JOURNAL 2019 (extraits, 1) par Christian Prigent

Les Poèmes et Fictions, poésie contemporaine

JOURNAL 2019 (extraits, 1) par Christian Prigent

  • Partager sur Facebook

 

 

 10/03 [ροδοδακτυλος ηως]

 

l’os au lever grince
arthrosé que le pince
la crasse onirique      or
la débarbouillette au dehors
c’est le doigt de rhodoïd
qui râcle au cul le ciel livide
 

des becs ont zébré le bleu d’ecchymose
démerdé des suies : arrose-
le en pensée d’un pipi
ça désinfectera ta sale nuit

 

*

13/03 [obésités]

Gonfler le nombre de pages du nouveau TXT ? Plutôt non.
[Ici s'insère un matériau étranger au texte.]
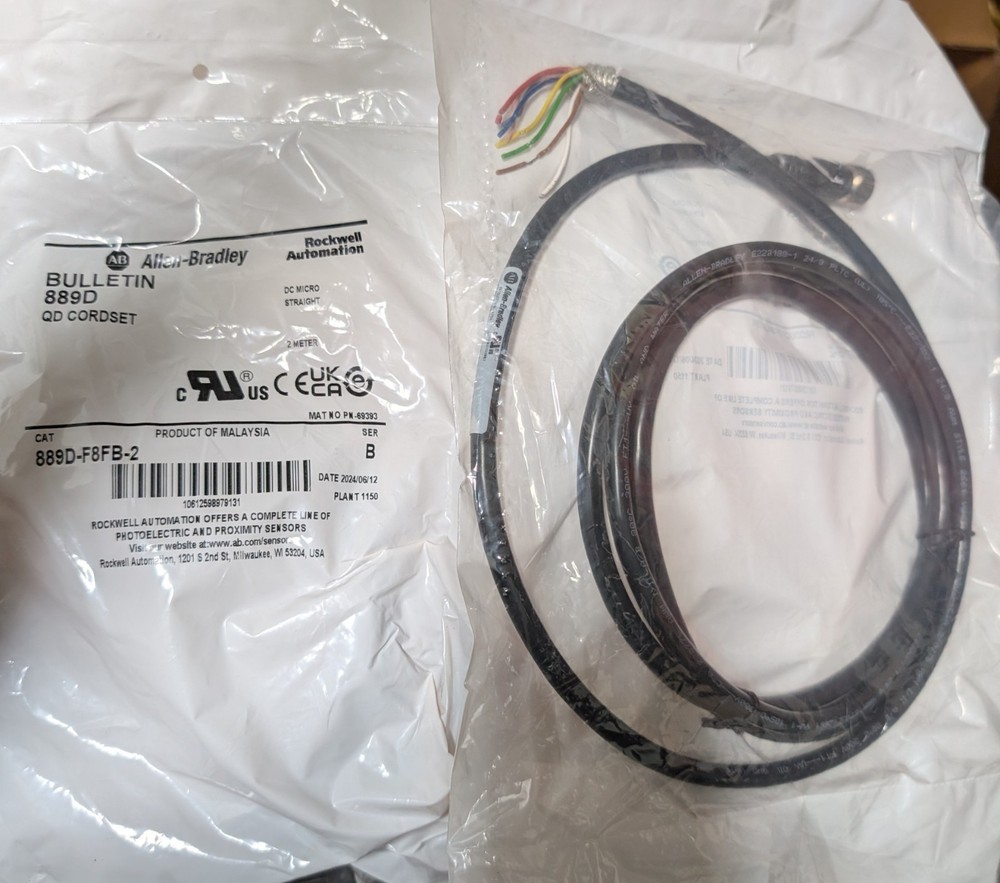 Allen-Bradley 889D-F8FB-2 M12 8-Pin Female Straight 2-Meter Shielded Cordset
Ce sont des revues minces, pauvres d’allure, qui ont fait date : Lef, Nord-Sud, La Révolution surréaliste. Suffisent enthousiasme affirmatif (désinvolte, polémique), armature théorique minimale, quelques échantillons de travaux en cours. Dont quelques uns (forcément rares) marquants. Les livraisons luxueuses et obèses : passées à l’oubli ou à la nécrophagie bibliophile — Minotaure par exemple. Plus récemment : Fusées.

*

20/03 [la littérature à l’école]

Conversation avec une amie prof de lettres : ses difficultés à initier ses élèves à la littérature. L’ancienne : démodée. La moderne : difficile. Me dit, un peu gênée, faire lire plutôt quelques représentants du demi-monde littéraire contemporain (Maylis de Kerangal, etc.).
Mon travail d’enseignant m’a toujours montré qu’il n’était pas vrai qu’on ne puisse intéresser à la « grande » littérature. Mais il y faut un enthousiasme non effarouché d’avance. Une école intimidée par la pression du « culturel » courant manque à sa mission : les œuvres ne sont émancipatrices qu’en tant qu’excellentes. Ce n’est pas un point de vue élitiste. C’est refuser que cette chance d’émancipation soit réservée — au prétexte de la supposée difficulté des œuvres qui la portent. 
L’école, au moins, peut suggérer qu’il y a eu, donc qu’il y a, traduite en textes, une grandeur inquiète et exaltante ; que ce n’est pas un hasard que nous soient restés Bouvard et Pécuchet ou Les Illuminations et pas la flopée des œuvrettes habiles qui, alors, occupaient les étals ; que Flaubert et Rimbaud existent aujourd’hui, sous d’autres noms, et qu’il n’est pas impossible de le savoir et d’en partager la génialité (plutôt que ce qu’en dévaluent leurs épigones ou leurs ersatz mainstream).

*

 

16/04 [au jardin]

Compost

limaces princières
les orvets vous bouffent
après ils étouffent
bouffis dans la terre
 

on voit ça aux jets
de gaz sous les moches
anglaises des aristoloches

bien fait !

 

*

 

14/05 [la haine]

N° de Lignes sur les Gilets jaunes. L’archaïsme surplombant de Badiou : mausolée d’idées mortes. Eric Clémens, comme toujours, fait penser. Au détour d’une phrase, il déplore, chez des manifestants, la « haine ».  Mais qui vient d’où ? Sinon de l’épreuve de l’injustice (non de la misère, qui ne fait qu’accabler et soumettre). L’épreuve rend colère. Colère comprend violence. Et haine : contre les dominants, leur arrogance cynique. Cette haine ne fait que répondre à celle d’un Castaner envers les « foules haineuses ». Elle n’est pas que « passion triste » — mais impulsion à lutter, moteur d’action. Après (seulement après) : la pensée, la conscience politique. Mais pas sans la poussée haineuse : révoltée par le révoltant.

*

20/06 [supplément à Vie de mon père]

Le 7 septembre 1949, délégué du PCF des Côtes-du-Nord, il prépare sa mallette pour un voyage militant en Corse : « LES CARAVANES DE LA RESISTANCE », venues de toute la France, vont se rassembler à Nice. Dans ses papiers : liste des choses à emporter. Il n’oublie ni sa canadienne, ni son béret : tenue de Résistant.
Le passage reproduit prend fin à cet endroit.